Of course, transfer numbers are challenging to discuss in the abstract. But when you put a name and a face to the transfer experience, you begin to understand why making sure we get the community college transfer issue right is so important.

It is in that spirit that I am pleased to announce the second recipient of the 2014 President’s Award for Outstanding Student Leadership. Her name is Axana Rodriguez-Torres. She is an undergraduate double-major in Psychology and Neurobiology, Physiology, and Behavior at UC Davis.

Chancellor Katehi, would you please escort Axana to the speakers’ table?

Axana played a key role as a coordinator of the UC Davis Pre-Medical and Pre-Health Professional National Conference—the largest of its kind in the United States. She has also developed a prevention-focused Diabetes Education Program in Spanish. It is offered at free clinics, churches, and community centers in Sacramento. Axana even secured a $10,000 foundation grant to make this program broadly available online.

I want to pause here for a moment and tell you a little bit more about Axana.

You see, her story is incredible.

Axana completed three years of medical school in Colombia before immigrating to the United States as a political asylee. She cleaned houses, served fast food, and provided childcare while she learned English.

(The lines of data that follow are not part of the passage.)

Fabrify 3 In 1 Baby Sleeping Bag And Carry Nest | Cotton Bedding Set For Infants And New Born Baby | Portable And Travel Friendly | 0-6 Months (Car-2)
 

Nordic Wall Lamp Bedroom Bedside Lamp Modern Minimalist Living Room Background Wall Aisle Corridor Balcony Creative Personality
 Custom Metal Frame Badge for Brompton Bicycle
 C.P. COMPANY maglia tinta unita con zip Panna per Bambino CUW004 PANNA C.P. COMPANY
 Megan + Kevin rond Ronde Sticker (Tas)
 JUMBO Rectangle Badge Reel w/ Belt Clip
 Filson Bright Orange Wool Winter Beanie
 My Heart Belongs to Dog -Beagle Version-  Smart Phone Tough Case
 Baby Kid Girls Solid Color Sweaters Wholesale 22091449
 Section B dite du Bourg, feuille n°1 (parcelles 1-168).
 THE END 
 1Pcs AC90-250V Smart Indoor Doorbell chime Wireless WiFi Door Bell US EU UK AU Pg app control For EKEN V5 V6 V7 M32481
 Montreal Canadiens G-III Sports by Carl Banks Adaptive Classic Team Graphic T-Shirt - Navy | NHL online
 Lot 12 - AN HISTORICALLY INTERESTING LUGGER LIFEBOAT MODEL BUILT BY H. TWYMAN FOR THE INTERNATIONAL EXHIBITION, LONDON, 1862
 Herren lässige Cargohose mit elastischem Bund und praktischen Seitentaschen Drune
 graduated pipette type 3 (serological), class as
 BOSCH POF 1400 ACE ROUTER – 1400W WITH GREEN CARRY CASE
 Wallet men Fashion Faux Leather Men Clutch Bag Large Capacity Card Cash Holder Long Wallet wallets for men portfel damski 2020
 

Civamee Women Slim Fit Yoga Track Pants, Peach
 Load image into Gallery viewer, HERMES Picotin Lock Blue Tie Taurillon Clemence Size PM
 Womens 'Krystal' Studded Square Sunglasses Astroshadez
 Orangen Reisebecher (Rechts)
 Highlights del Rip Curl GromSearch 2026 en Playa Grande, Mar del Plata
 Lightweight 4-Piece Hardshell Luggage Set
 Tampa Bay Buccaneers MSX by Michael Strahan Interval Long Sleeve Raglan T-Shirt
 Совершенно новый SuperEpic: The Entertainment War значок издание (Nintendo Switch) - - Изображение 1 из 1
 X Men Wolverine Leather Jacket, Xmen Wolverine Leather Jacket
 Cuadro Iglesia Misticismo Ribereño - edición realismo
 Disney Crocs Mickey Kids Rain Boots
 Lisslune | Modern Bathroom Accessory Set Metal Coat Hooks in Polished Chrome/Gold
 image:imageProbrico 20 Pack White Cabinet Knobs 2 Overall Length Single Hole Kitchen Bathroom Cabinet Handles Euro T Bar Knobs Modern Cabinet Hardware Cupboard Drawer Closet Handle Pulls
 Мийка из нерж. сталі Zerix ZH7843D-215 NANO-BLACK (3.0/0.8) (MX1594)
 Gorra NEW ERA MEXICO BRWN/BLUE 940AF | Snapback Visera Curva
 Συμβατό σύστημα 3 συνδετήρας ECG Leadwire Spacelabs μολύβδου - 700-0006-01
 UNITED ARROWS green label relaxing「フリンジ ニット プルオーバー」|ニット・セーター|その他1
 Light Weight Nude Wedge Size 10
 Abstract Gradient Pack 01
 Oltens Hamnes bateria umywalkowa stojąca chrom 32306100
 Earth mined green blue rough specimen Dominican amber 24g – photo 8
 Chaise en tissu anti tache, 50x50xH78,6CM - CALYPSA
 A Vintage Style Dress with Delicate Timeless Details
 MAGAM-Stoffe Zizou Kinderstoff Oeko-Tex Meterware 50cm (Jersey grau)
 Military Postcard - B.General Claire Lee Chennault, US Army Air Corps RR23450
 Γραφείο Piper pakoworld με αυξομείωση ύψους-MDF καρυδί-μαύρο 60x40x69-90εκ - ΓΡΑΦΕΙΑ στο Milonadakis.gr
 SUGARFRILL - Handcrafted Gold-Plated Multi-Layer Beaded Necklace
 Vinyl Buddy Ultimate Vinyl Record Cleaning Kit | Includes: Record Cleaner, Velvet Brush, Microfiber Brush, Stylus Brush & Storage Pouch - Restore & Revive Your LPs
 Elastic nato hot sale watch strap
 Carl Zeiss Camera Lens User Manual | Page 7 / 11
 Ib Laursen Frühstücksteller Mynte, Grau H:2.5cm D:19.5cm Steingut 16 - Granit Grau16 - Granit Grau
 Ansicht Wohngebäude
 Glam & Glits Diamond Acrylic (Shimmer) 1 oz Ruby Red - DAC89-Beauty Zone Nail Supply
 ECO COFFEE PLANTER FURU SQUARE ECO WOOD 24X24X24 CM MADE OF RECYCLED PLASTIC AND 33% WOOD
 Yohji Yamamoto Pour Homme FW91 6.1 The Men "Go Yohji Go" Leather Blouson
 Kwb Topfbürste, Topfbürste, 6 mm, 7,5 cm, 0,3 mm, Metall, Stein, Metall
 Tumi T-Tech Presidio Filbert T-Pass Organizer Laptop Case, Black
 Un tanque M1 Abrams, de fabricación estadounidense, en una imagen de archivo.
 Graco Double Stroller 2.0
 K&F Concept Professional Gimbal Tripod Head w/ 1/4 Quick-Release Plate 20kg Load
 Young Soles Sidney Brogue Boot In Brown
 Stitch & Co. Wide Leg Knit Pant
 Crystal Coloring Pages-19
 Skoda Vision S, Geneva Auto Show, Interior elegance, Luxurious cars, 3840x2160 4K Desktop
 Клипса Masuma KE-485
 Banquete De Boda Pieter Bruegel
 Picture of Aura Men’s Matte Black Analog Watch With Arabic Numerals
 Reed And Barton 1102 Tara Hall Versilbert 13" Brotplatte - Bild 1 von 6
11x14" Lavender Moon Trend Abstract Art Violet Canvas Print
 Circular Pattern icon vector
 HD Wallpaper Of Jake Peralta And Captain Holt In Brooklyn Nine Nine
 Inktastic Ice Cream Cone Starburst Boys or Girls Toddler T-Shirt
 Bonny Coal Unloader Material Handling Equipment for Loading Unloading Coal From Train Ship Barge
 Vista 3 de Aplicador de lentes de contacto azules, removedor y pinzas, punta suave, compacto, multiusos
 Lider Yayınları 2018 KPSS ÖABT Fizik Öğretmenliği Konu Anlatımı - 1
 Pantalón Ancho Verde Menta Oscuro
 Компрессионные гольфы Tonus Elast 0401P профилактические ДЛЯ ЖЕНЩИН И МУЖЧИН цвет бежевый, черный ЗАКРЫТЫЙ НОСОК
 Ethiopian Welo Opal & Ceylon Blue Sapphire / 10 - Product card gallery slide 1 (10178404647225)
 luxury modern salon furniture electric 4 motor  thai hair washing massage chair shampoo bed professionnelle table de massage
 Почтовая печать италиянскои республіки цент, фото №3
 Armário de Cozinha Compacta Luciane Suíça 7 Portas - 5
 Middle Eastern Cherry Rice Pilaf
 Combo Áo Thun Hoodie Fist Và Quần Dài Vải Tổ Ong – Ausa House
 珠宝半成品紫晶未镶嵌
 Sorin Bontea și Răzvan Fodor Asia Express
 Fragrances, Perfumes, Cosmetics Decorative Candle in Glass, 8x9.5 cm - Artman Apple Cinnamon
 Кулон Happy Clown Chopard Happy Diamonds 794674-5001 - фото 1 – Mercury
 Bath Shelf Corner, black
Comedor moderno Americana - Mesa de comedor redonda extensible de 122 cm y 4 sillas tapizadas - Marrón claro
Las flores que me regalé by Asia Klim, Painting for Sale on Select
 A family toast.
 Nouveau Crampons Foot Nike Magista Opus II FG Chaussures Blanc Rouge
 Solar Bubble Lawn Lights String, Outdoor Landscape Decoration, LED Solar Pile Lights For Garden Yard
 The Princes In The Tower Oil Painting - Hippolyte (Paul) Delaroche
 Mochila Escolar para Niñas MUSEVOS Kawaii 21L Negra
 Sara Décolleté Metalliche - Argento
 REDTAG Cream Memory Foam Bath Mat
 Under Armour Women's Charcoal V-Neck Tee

As her English proficiency grew, she worked as an immigration consultant and a tax preparer for those whose English was limited.

A serious illness re-clarified Axana’s desire to become a doctor. But her medical school credits from Colombia were not transferable. So Axana enrolled at American River College, a community college not far from here. She then transferred to UC Davis—where she is thriving.

Her next goal? An M.D.-Ph.D. program.

Axana, I know I speak for everyone when I say that we are all rooting for you.

Please join me in congratulating Axana Rodriguez-Torres.

I’d now like to invite Axana to say a few words.

Thank you, and congratulations.

In closing, I would like to look ahead for a moment. Next week, I travel to Mexico on my first visit in support of the UC-Mexico initiative. I will be meeting with education and government leaders, and exploring and building upon relationships with our partner institutions in higher education. The goal is to see where our mutual interests converge, to see where we can help one another, and to identify the shared issues we face.

The world our students will lead is one that will be more closely integrated, more seamless, than the one we inhabit today. This initiative aims to help expose them to the cultural experiences and resources they will need to lead that world well. At the same time, it aims to enrich further the relationship between California and Mexico.

These are objectives I fully support.

Chair Varner, there is much more I could say about all of the activity underway at the University of California, so I am happy to answer any questions. For the time being, however, this concludes my remarks to the Regents.